My old post on wiping retired Synology drives covered most use cases with two big caveats: one, Synology has since introduced full volume encryption on DSM, and two, the FVE implementation on DSM does not guarantee clean disposal. I will get into details in the tangent, but the short version is — DSM does not encrypt the whole drive; it still leaves a small area in plaintext. Paired with the unit itself, that area is a significant risk vector.

For this particular post, I am assuming we are disposing of drives that are encrypted with DSM’s FVE. Flaws aside, there is no reason not to encrypt the drives. Should the mechanical drives suddenly fail, the data on the drive itself would still be secure without your main unit in the same landfill.

First, we need to identify the drive in question. Connect it over USB, and run the following command:

lsblk -o NAME,SIZE,TRAN,MODEL

Once done, we need the partition paths that are not encrypted. Replace the /dev/sdX with the drive you identified above. If the drive is the only device connected over USB, it will likely be that one.

sudo fdisk -l /dev/sdX

And then finally, we zero out the system partitions (two of them, around 10 GB total). The large partition matching the drive’s capacity is the encrypted data, so we leave it alone. In my case, that was /dev/sda1 and /dev/sda2. It will give out an error message saying it reached the end once done (that is expected).

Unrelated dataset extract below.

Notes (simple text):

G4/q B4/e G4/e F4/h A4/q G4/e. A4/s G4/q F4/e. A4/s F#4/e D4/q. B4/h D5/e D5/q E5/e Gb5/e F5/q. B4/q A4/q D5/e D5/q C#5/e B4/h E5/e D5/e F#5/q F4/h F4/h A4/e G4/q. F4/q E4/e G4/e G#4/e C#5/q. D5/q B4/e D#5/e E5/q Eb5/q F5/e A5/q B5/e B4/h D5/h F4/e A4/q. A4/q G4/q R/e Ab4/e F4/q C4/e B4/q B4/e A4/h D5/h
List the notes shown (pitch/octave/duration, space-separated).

sudo dd if=/dev/zero bs=4M status=progress conv=fsync of=/dev/sdXN

Because the actual data is still encrypted per spec, we no longer need a full zero or random pass on the disk. Zeroing out maybe 10 GB on an HDD should not take too long compared to TB.

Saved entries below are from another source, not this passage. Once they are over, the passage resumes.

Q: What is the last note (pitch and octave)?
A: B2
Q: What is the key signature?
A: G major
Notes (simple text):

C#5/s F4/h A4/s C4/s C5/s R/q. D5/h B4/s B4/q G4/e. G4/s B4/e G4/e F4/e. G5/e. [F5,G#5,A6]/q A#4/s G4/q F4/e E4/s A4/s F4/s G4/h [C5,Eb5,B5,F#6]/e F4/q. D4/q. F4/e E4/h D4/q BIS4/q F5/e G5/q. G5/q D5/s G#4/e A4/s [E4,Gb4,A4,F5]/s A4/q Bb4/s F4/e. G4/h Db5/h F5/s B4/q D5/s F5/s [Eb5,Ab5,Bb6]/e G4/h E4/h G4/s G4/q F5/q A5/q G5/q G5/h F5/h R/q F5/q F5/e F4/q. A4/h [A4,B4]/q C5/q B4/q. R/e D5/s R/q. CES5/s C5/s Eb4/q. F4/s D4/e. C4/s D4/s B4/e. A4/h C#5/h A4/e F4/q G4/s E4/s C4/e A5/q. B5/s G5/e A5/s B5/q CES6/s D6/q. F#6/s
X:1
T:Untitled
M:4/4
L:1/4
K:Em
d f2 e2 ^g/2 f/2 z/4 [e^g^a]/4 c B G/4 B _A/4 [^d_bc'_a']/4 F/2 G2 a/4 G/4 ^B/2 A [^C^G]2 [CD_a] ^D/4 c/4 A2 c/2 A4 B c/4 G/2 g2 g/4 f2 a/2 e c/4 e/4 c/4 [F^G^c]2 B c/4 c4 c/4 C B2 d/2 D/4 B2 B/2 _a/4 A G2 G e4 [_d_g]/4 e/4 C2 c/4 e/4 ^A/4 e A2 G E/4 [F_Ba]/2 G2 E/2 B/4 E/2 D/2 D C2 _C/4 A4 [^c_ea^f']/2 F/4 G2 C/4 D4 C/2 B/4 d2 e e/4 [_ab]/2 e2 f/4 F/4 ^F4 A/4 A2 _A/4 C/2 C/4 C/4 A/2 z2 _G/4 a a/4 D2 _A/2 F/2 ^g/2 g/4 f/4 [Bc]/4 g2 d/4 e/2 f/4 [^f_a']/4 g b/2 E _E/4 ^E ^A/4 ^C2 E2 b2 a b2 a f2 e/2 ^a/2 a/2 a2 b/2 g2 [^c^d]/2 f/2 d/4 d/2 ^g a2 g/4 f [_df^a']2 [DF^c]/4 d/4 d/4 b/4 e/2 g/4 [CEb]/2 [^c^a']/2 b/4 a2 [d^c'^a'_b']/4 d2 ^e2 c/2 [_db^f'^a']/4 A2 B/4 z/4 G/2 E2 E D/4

The vulnerability discovered on DSM comes largely from Synology’s odd obsession with a hand-holding tool (the Encryption Key Vault), which is designed to do two things: hold the randomly generated FVE keys, and let DSM automatically mount the drives on boot. The latter is the known vulnerability. So long as the user sets a long password for the vault, it serves as a good key manager. However, to automate the mounting process, Synology added a secondary key (a machine key) to unlock the vault on boot. The vault lives on that 10 GB of system area. Zeroing out the targeted area wipes out the vault, thereby stopping potential cascading failures.

The tangent to the tangent is KMIP on DSM. Synology has not written up a spec sheet on DSM’s behavior when a user opts for KMIP instead of the local key vault. The desirable outcome is that the local key vault is simply discarded. However, as far as I know, Synology has made no guarantee on it. In all honesty, it is bizarre Synology does not have a ‘boot with no volumes mounted’ option (available on shared folder encryption) or simply offer secure auto-mount on models with a proper TPM. It is an odd hill to die on.